In a development that makes me marvel at the sheer resilience of legacy automaker Ford (F) investors, shares were up over 2.5% in Thursday afternoon’s trading. And these shares were up despite news of a new major, massive recall along with the disturbing revelation that the employee pricing plans of the “From America, For America” marketing plan might be swallowed up by new price hikes.
Ford brought out advance warning that the employee discount prices—despite the fact that they have had a fantastic effect on foot traffic into dealerships—may be about to get swallowed up by some new price hikes in June. There was a condition on that, though; if the tariffs remained in place, Ford noted to dealers, then the prices may be coming up to match.
Ford made it clear that the stuff already on the lot was going to remain as-is on pricing. Nothing “currently in inventory” would be subject to price hikes. However, “vehicle pricing adjustments” would be not only possible but likely, and that would come around starting “…with May production.” With some reports suggesting that car dealers are stepping back on new car orders anyway, this may not be such a problem for anyone but Ford.
Hefty Recall
And then we get to the recall, which is even worse for Ford, because this time the recall is about something downright crucial: brakes. Ford is recalling about 150,000 vehicles, mostly over a matter of brakes, though not every recalled car had trouble with its brakes, reports note. The recalls are mainly from 2017 and 2018 vehicles, specifically the F-150, the Expedition, and the Lincoln Navigator. The 2025 Explorer is also involved.

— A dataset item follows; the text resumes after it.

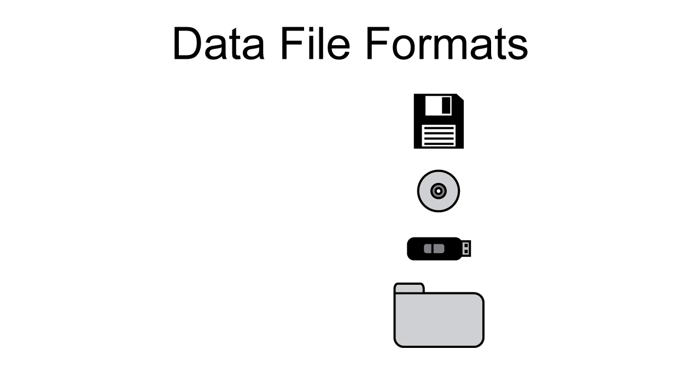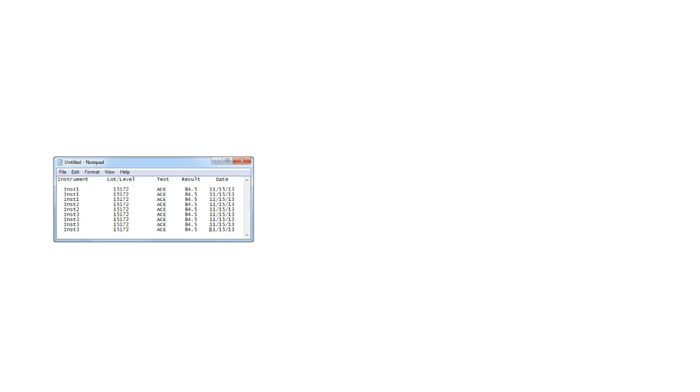At this point, you might be wondering what a data file should contain. A QC data file should contain data for all instruments, controls, levels, and tests.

Most of the recalled vehicles—123,611 of them—are for a potential brake fluid leak. A brake without brake fluid is a major problem, and can reduce brake effectiveness to the point where a short stop is all but impossible. Meanwhile, 24,655 vehicles in the Explorer class found an issue with their powertrain control modules. Problems with this module can “…damage the park system or cause an engine stall.”
Is Ford Stock a Good Buy Right Now?
Turning to Wall Street, analysts have a Hold consensus rating on F stock based on three Buys, nine Holds and three Sells assigned in the past three months, as indicated by the graphic below. After a 13.96% loss in its share price over the past year, the average F price target of $9.46 per share implies 2.12% downside risk.